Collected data

▼▼▼

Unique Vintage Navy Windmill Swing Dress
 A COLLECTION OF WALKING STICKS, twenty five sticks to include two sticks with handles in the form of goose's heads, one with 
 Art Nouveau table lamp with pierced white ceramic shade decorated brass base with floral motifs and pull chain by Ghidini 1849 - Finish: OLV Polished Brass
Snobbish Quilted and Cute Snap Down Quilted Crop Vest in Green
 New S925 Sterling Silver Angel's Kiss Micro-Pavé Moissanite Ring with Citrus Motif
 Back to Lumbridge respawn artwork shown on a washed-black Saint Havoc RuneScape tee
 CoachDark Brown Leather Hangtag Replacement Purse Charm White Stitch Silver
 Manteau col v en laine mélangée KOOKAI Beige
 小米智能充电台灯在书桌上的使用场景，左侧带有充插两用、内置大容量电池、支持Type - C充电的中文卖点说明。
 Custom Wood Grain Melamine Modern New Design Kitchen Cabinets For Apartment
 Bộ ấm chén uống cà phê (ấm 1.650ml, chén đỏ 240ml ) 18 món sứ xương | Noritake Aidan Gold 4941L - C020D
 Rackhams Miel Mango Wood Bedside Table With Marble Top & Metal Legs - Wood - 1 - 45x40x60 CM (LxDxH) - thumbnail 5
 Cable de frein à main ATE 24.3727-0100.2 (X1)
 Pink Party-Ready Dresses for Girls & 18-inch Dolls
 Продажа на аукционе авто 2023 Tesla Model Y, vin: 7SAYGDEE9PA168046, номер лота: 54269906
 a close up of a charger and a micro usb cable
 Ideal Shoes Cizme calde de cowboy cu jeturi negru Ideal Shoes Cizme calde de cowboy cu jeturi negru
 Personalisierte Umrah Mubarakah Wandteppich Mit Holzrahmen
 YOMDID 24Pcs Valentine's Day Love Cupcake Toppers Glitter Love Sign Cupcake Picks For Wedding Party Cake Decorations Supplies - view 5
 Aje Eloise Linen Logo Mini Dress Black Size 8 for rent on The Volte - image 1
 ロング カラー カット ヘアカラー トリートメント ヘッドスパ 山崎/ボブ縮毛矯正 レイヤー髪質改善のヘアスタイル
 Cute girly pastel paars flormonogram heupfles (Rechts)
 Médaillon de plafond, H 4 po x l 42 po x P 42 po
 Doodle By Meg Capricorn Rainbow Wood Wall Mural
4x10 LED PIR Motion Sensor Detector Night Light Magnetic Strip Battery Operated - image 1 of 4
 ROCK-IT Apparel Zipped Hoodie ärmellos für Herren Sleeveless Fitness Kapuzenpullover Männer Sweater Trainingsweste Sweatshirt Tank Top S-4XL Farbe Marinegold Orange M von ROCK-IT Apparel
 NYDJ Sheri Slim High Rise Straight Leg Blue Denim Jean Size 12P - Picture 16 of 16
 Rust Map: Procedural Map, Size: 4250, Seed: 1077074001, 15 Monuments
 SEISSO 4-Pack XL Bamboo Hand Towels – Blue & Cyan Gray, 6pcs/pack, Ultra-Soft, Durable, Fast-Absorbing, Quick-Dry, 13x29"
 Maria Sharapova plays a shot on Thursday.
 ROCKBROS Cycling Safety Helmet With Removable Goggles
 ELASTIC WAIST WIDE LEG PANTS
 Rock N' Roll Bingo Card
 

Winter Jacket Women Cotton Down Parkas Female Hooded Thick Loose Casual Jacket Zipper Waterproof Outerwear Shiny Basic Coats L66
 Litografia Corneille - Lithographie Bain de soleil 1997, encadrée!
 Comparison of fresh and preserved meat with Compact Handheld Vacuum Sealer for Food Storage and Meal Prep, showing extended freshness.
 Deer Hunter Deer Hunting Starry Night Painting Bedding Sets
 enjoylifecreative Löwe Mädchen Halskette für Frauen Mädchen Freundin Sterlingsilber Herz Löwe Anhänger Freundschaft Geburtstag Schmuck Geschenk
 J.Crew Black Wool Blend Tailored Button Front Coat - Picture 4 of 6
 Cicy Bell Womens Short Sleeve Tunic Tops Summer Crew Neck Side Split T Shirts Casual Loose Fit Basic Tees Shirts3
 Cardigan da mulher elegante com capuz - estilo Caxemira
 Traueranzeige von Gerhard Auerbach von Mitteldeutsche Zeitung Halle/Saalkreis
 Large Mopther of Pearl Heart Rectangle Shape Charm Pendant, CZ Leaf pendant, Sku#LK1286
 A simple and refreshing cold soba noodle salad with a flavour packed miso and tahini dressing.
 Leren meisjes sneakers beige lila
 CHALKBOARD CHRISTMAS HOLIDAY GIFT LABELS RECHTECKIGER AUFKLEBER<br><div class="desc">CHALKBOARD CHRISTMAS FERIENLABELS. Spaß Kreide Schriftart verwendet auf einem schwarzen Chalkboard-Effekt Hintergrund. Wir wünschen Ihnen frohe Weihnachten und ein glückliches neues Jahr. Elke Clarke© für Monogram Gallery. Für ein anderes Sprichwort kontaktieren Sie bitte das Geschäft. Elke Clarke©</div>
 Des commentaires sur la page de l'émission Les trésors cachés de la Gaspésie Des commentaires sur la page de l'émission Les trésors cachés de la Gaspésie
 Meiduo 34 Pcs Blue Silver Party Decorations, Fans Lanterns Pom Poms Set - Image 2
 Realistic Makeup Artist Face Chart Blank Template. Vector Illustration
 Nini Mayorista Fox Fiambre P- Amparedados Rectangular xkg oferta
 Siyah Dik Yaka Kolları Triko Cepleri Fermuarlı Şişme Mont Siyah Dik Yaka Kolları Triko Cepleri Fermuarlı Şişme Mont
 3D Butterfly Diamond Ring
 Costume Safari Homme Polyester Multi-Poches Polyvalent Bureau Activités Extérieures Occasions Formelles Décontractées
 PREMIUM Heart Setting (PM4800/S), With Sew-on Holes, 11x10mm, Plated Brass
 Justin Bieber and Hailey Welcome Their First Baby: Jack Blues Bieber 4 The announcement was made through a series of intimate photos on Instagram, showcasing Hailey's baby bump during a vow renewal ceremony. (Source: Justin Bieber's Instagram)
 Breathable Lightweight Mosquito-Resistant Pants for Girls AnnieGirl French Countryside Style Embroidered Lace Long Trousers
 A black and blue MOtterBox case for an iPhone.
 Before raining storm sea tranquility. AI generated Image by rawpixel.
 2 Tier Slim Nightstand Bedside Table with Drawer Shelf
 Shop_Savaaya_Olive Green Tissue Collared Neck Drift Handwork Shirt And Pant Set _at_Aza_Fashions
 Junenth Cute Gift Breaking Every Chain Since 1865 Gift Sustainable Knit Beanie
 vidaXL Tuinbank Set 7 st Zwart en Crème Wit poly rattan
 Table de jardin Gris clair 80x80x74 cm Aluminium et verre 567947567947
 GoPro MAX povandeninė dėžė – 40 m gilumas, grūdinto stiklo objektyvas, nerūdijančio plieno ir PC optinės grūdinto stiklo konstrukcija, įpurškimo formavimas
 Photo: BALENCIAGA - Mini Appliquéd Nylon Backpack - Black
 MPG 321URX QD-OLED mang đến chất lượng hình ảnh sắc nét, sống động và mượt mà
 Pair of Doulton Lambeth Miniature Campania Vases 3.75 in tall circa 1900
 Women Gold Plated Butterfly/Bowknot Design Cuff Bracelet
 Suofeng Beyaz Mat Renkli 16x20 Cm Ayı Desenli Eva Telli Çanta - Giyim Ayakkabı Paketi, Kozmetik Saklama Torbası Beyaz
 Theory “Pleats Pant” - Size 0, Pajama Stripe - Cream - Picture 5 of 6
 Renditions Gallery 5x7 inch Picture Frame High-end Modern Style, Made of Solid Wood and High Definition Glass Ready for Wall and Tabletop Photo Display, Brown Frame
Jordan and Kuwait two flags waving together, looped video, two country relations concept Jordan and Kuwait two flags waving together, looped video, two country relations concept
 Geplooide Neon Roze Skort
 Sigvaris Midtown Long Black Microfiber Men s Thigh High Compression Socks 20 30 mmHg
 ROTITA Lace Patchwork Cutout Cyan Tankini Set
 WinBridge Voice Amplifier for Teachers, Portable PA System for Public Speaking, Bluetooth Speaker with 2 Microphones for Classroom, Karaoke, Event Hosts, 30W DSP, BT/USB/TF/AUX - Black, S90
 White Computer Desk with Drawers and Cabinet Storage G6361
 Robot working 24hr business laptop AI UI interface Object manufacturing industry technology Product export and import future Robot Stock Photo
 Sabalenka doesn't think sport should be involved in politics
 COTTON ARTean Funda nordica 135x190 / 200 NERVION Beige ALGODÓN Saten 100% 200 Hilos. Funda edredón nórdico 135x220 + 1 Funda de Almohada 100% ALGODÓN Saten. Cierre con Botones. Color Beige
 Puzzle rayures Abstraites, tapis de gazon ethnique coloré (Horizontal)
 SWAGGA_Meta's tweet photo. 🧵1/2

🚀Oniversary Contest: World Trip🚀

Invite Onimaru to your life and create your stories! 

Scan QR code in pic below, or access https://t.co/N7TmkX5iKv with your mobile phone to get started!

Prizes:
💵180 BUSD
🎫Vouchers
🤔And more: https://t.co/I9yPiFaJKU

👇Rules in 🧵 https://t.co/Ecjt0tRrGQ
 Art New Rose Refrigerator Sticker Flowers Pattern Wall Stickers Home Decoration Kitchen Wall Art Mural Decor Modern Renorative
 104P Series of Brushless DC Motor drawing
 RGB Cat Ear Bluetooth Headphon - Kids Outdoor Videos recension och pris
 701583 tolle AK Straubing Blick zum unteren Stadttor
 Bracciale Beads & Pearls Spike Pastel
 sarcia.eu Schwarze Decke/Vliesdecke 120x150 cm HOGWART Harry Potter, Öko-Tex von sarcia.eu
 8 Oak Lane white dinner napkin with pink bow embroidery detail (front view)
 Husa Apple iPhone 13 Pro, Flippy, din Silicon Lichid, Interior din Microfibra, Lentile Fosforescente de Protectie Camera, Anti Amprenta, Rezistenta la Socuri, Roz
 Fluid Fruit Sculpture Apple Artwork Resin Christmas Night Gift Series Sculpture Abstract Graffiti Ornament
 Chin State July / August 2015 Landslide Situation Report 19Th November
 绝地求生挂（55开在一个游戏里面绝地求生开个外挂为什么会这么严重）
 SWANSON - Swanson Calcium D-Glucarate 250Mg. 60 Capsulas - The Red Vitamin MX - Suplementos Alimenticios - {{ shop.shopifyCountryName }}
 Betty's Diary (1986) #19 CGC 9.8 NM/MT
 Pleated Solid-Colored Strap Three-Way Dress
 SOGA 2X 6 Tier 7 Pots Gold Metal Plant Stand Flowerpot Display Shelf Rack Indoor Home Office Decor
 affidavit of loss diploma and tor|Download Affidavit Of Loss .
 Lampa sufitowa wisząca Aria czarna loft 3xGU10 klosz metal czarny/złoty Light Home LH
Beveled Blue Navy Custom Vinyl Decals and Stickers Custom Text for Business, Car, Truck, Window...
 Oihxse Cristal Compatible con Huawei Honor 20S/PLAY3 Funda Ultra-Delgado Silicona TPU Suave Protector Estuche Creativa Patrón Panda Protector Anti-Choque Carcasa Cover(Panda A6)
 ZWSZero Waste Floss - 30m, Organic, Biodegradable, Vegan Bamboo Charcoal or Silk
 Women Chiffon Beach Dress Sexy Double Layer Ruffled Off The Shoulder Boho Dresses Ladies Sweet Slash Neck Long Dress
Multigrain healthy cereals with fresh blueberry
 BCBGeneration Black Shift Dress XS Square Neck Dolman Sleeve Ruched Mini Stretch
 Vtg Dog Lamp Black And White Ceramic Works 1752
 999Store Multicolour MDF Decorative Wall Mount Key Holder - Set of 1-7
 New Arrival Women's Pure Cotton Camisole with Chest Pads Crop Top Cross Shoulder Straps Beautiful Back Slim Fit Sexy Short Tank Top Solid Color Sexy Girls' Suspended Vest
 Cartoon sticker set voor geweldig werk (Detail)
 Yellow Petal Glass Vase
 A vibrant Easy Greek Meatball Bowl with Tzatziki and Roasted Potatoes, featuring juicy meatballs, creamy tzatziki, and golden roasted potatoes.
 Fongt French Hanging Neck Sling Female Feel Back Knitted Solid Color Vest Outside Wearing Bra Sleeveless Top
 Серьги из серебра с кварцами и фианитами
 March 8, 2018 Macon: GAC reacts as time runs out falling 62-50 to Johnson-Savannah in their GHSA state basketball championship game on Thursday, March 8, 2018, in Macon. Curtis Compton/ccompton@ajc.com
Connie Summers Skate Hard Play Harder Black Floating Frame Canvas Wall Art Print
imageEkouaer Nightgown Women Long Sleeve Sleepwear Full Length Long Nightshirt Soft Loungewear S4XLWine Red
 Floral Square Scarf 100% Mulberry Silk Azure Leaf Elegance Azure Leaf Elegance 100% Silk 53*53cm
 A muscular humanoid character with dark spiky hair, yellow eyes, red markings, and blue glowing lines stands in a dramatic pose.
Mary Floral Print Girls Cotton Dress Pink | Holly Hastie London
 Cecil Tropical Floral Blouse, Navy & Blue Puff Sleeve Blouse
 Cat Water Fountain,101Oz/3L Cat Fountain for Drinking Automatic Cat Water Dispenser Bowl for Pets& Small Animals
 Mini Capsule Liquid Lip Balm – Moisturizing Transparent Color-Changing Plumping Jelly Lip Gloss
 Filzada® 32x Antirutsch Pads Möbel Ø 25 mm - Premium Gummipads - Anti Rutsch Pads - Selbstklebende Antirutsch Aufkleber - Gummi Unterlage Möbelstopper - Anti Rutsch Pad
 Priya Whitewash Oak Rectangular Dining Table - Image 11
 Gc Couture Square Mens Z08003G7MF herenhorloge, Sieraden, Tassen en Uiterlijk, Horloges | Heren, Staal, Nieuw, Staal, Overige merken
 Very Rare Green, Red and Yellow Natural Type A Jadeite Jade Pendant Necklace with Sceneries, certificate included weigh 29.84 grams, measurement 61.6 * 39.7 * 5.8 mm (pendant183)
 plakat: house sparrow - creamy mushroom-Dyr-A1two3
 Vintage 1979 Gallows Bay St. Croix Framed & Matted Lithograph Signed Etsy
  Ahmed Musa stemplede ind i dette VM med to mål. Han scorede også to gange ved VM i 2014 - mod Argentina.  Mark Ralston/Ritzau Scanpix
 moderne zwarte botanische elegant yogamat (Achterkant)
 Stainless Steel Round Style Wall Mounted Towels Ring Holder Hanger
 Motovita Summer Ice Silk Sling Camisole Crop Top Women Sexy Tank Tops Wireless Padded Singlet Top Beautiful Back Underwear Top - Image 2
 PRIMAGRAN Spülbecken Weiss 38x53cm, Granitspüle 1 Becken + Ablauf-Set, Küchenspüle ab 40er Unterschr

▲▲▲

Working from the data above, extract solely the lines from the one containing "Meiduo 34 Pcs" through the one containing "PREMIUM Heart Setting", exactly as they appear, both included.

__OUTPUT FOR THIS EXERCISE__:
 Meiduo 34 Pcs Blue Silver Party Decorations, Fans Lanterns Pom Poms Set - Image 2
 Realistic Makeup Artist Face Chart Blank Template. Vector Illustration
 Nini Mayorista Fox Fiambre P- Amparedados Rectangular xkg oferta
 Siyah Dik Yaka Kolları Triko Cepleri Fermuarlı Şişme Mont Siyah Dik Yaka Kolları Triko Cepleri Fermuarlı Şişme Mont
 3D Butterfly Diamond Ring
 Costume Safari Homme Polyester Multi-Poches Polyvalent Bureau Activités Extérieures Occasions Formelles Décontractées
 PREMIUM Heart Setting (PM4800/S), With Sew-on Holes, 11x10mm, Plated Brass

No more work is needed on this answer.